These markings are sometimes referred to hallmarks, but a hallmark refers to an indication of metal content found on a jewelry piece. It can be alone or in combination with the mark of the designer. A maker's mark by itself is not considered a hallmark.
Many maker's marks are fairly obvious - they are visible with the naked eye when you turn the piece over. Sometimes, though, a mark can be very tiny and you can find it just about anywhere on a piece, so it is important to examine the jewelry carefully to see if it is marked.

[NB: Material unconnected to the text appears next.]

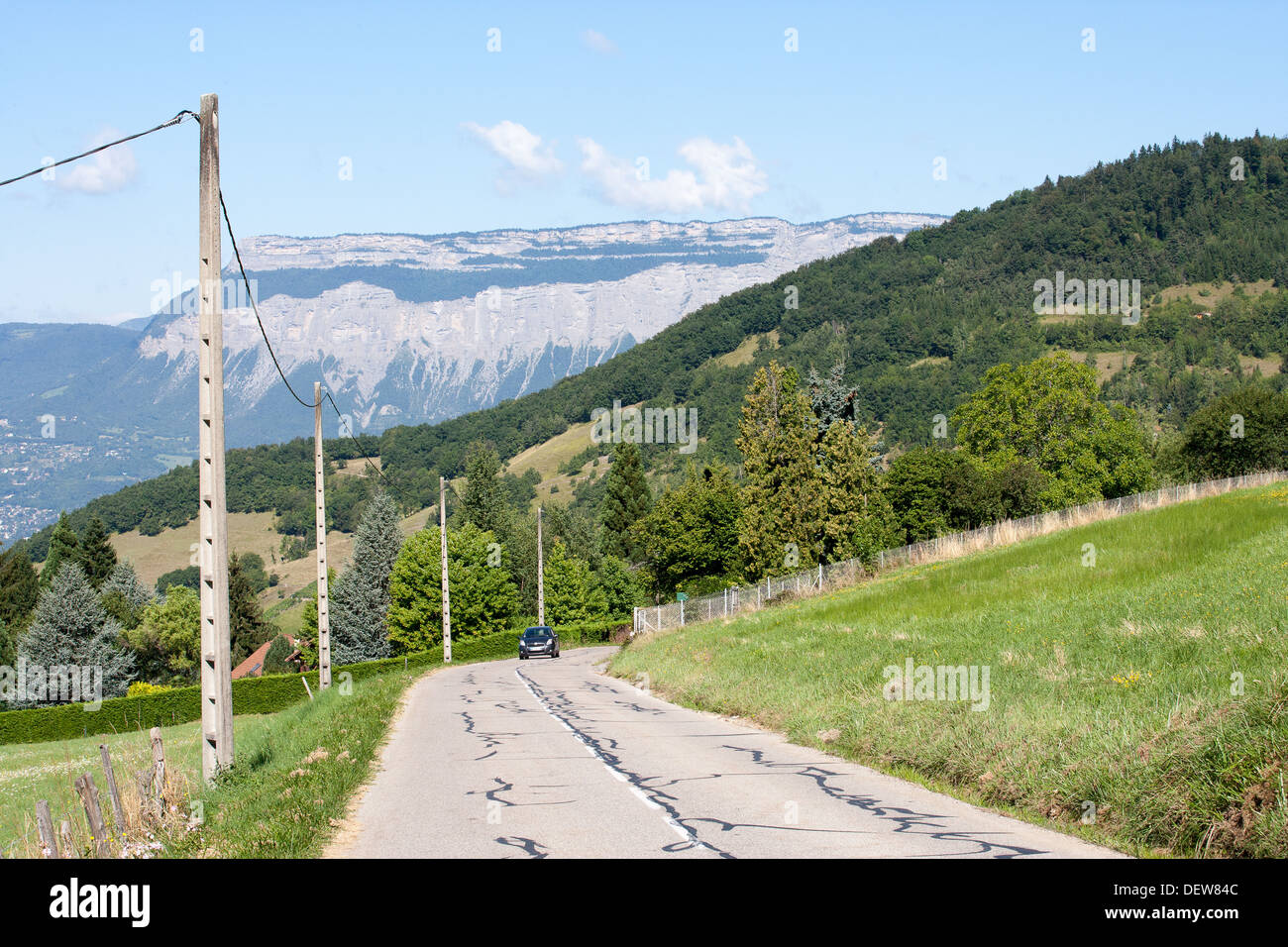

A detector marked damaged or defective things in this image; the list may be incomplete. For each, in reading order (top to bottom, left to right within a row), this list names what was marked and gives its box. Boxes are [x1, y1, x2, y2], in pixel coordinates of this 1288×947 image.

cracked asphalt [337, 650, 1118, 860] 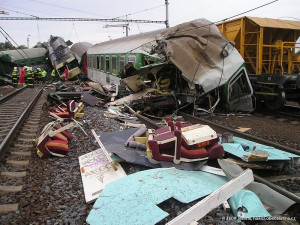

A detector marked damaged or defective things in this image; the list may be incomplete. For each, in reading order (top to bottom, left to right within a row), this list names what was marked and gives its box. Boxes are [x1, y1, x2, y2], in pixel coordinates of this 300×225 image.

I've seen signatures on the pin part of clasps, in tiny lettering on the edge of the setting, inside of a bale where a pendant hangs from a chain, on a clasp tag, and on an enlarged O ring near the clasp. They are found on the back of the clasps for necklaces and bracelets, on the underside of pendants and pieces of other necklaces, and backs of brooches.
Designers do not always use the same marking. There are many designers who have used four, five, or even more, different marks through the years. The following are photos of a few maker's marks that you may have seen. These are from designers Sarah Coventry, Coro (sterling), Schreiner and Weiss.
In Comparision, the following are hallmarks (some also have maker's marks incorporated into the marking):
Not all vintage jewelry is marked but many are. There are notable designers who used only paper hang tags which were often removed when the piece was worn and then discarded. Juliana jewelry, made by Delizza and Elster, is probably the most well known design of this type.
Other designers marked many of their pieces, but also made some which were not marked. To identify these, one needs a good knowledge of their design techniques. I'll cover some of these in a later blog.